| PROBLEM DETAILS |
Please print out every entry below, verbatim.

| TASK DATA |

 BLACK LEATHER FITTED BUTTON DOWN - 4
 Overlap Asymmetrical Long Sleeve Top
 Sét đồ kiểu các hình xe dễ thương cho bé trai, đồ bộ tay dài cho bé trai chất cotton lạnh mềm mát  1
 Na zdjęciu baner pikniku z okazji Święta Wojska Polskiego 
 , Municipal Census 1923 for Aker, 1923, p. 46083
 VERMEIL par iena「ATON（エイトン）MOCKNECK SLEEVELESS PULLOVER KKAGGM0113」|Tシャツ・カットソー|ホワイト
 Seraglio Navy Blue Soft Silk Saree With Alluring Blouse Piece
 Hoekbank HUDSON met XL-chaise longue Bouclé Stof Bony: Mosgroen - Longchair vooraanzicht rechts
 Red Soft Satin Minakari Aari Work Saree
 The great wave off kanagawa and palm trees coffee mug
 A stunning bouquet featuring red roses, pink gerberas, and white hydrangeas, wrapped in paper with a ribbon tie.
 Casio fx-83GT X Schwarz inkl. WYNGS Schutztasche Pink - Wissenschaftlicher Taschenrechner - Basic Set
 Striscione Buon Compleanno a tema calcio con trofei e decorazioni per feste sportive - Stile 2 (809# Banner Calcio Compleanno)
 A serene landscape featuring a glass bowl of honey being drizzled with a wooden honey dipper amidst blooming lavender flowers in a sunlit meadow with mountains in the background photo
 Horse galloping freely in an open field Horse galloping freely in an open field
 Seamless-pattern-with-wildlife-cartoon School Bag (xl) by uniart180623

| ANSWER SECTION |
 BLACK LEATHER FITTED BUTTON DOWN - 4
 Overlap Asymmetrical Long Sleeve Top
 Sét đồ kiểu các hình xe dễ thương cho bé trai, đồ bộ tay dài cho bé trai chất cotton lạnh mềm mát  1
 Na zdjęciu baner pikniku z okazji Święta Wojska Polskiego 
 , Municipal Census 1923 for Aker, 1923, p. 46083
 VERMEIL par iena「ATON（エイトン）MOCKNECK SLEEVELESS PULLOVER KKAGGM0113」|Tシャツ・カットソー|ホワイト
 Seraglio Navy Blue Soft Silk Saree With Alluring Blouse Piece
 Hoekbank HUDSON met XL-chaise longue Bouclé Stof Bony: Mosgroen - Longchair vooraanzicht rechts
 Red Soft Satin Minakari Aari Work Saree
 The great wave off kanagawa and palm trees coffee mug
 A stunning bouquet featuring red roses, pink gerberas, and white hydrangeas, wrapped in paper with a ribbon tie.
 Casio fx-83GT X Schwarz inkl. WYNGS Schutztasche Pink - Wissenschaftlicher Taschenrechner - Basic Set
 Striscione Buon Compleanno a tema calcio con trofei e decorazioni per feste sportive - Stile 2 (809# Banner Calcio Compleanno)
 A serene landscape featuring a glass bowl of honey being drizzled with a wooden honey dipper amidst blooming lavender flowers in a sunlit meadow with mountains in the background photo
 Horse galloping freely in an open field Horse galloping freely in an open field
 Seamless-pattern-with-wildlife-cartoon School Bag (xl) by uniart180623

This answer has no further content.